高畑充希演じるココネと歴代神山ヒロインの意外な共通点は!? 映画『ひるね姫 ~知らないワタシの物語~』、神山健治監督インタビュー!
■もう一つの世界“夢の世界”を分かりやすく伝えるための『桃太郎』
―― ココネが見る夢の世界が、スチームパンクのようでもあり、おとぎ話のようでもあり、面白かったです。
神山 絵のほうから考えていく際、ファンタジーの世界というとどうしても中世ヨーロッパのようなものになりがちなんですが。今回はココネの父親であるモモタロー(演:江口洋介)が若き日に東京に行って感じたことが、あの夢の世界の根本にあり、それをココネ自身が夢想して出来上がった世界、ということで、あのような世界になっています。
“ファンタジー=昔話”となりがちなんですけど――ココネは男親に一人で育てられていましたから、与えられていたおもちゃなんかも、自動車工場にあった機械だったんじゃないかなとか、そういったバックボーンを想定しながら作り上げられた設定となっています。
―― パンフレットを拝見したところ、娘さんに見せてあげたい作品という監督の発言もあります。試写を見てもモモタローの活躍が多くて、“お父さん目線”を意識された作品だなと感じましたが、やっぱり監督の思い入れが込められた結果でしょうか?
神山 それはあるでしょう。物語の裏側にはお父さんとお母さんの両親の想いが当然流れていて、それをココネが追体験していくという話ですから、当然そういう部分はあると思います。
―― 岡山という舞台は、監督がたまたま選ばれたそうですが、『桃太郎』をモチーフにしたのは、岡山が舞台と決めてからですか?
神山 岡山が舞台になってからですね。
――なぜ『桃太郎』だったんでしょうか? やはり岡山といえば、という感じですか?
神山 それも当然ありますが、なるべく夢の世界の設定を、直感的にわかりやすいようにできないかと考えてのことです。どうしても、夢の世界の設定を語るだけでそれなりに時間がかかってしまう。なるべく直感的にわかってもらおうということで、誰でも知っているおとぎ話の『桃太郎』をモチーフにしてみたんです。岡山を舞台にしているのでそれがちょうどいいんじゃないとか、そういうところからの選択ですね。

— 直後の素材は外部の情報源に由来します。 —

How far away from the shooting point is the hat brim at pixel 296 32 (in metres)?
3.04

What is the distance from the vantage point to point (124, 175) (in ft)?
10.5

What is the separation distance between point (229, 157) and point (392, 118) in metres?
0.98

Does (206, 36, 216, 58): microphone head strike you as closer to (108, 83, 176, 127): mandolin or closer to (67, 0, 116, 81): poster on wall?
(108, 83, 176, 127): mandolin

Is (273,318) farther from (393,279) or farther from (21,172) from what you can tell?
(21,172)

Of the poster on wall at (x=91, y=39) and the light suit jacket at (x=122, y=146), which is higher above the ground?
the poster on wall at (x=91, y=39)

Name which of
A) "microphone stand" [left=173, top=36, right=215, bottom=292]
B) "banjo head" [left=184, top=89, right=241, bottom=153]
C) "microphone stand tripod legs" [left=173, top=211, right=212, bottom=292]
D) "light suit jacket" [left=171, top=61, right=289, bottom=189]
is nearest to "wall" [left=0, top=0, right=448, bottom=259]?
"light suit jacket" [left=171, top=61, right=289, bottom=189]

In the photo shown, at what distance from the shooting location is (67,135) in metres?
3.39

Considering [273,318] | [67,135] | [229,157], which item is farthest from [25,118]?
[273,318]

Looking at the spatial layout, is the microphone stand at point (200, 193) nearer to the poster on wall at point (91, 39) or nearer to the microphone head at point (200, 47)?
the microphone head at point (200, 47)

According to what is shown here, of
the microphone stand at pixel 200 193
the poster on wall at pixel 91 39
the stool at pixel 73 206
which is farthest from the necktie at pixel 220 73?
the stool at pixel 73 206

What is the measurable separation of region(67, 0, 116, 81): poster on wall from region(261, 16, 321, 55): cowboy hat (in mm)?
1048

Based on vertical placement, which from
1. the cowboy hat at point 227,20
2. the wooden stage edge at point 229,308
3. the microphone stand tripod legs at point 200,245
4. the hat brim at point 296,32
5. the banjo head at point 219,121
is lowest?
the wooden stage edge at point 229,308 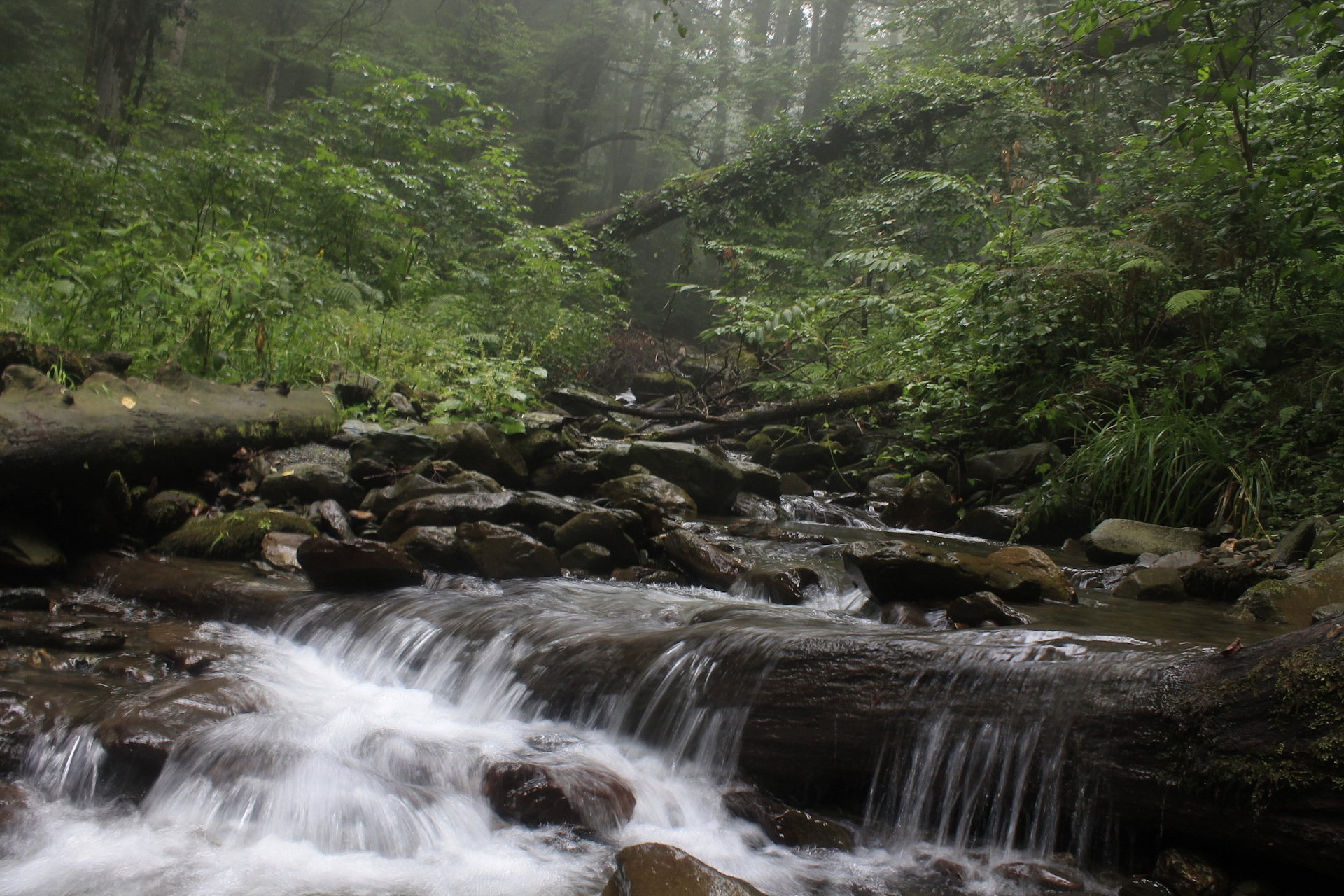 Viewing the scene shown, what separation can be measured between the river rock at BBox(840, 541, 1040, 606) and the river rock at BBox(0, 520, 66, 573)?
460cm

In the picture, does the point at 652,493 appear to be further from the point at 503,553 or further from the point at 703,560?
the point at 503,553

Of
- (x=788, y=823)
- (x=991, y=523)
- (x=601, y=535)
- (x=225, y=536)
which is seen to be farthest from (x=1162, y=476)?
(x=225, y=536)

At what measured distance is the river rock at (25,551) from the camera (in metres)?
4.28

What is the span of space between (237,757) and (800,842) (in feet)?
6.95

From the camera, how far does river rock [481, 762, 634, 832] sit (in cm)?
286

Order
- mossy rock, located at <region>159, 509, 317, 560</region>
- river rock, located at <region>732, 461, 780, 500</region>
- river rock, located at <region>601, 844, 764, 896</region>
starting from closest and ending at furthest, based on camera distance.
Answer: river rock, located at <region>601, 844, 764, 896</region>, mossy rock, located at <region>159, 509, 317, 560</region>, river rock, located at <region>732, 461, 780, 500</region>

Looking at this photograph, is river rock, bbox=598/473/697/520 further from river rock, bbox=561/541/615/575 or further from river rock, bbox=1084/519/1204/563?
river rock, bbox=1084/519/1204/563

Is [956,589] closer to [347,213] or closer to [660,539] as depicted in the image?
[660,539]

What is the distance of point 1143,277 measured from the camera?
24.8 feet

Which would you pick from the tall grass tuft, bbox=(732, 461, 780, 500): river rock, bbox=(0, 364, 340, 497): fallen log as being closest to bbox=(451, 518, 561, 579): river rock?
bbox=(0, 364, 340, 497): fallen log

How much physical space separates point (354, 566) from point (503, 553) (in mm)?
981

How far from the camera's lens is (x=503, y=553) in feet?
17.7

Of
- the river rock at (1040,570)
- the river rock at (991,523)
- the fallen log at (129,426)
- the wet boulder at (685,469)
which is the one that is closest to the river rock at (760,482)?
the wet boulder at (685,469)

―― ちなみにココネのお父さんがモモタローで、その友人に猿モチーフの佐渡さん(演:高木渉)、雉がモチーフの雉田さん(演:前野朋哉)がいますが、犬はどこに……
神山 犬はここにいます。(ポスターのジョイを指して)分かりにくいんですけど、柴犬なんですよね。熊かなとかいろいろ思う人もいるんですが、一応ジョイが犬なんです(笑)。